Here’s what I would expect to accomplish the job:

# Define roles and assign them to groups.
c.JupyterHub.load_roles.append(...)

# Allow OIDC to define user groups.
def compute_groups(claims):
    pass
c.GenericOAuthenticator.claim_groups_key = compute_groups
c.GenericOAuthenticator.manage_groups = True

However as far as I can tell, claim_groups_key is only ever read by get_user_groups, which is only ever read in two scenarios:

  • in check_allowed, if allowed_groups is set to a static list of groups that are allowed in, and
  • in update_auth_model, if a specific set of admin_groups are defined

and both of those scenarios seem to violate the basic principles of RBAC. I’d want my group’s role to be consulted for permissions, not the simple fact of role membership.

And, since I’m not setting allowed_groups or admin_groups, I’m not ever seeing my compute_groups function getting called.

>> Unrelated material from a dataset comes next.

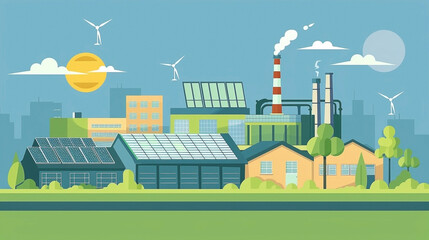 Sustainable Industrial Facility with Solar Panels and Green Buildings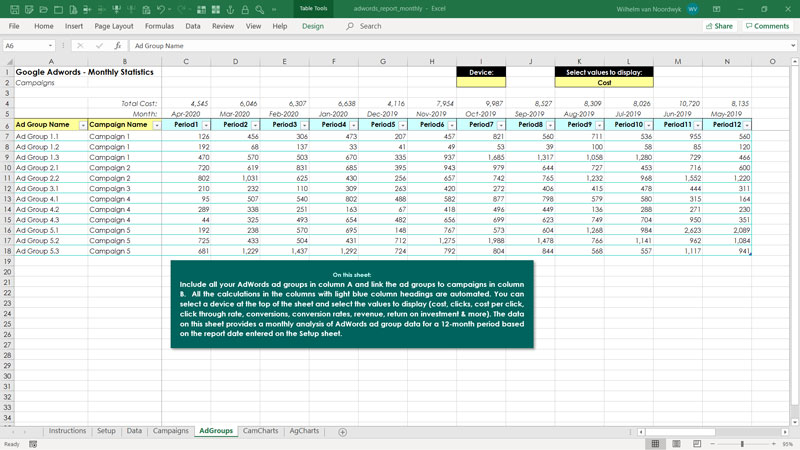 Detail Adwords Report Template Excel Nomer 2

What’s the magic incantation to allow OIDC to define user groups, map groups to roles, and use roles to define permissions?

Edit:

I’ve also tried specifying load_groups and disabling manage_groups. That definitely loads a static group membership map into the database, but then the OIDC GenericOAuthenticator still doesn’t seem to pick up user groups or even invoke claim_groups_key.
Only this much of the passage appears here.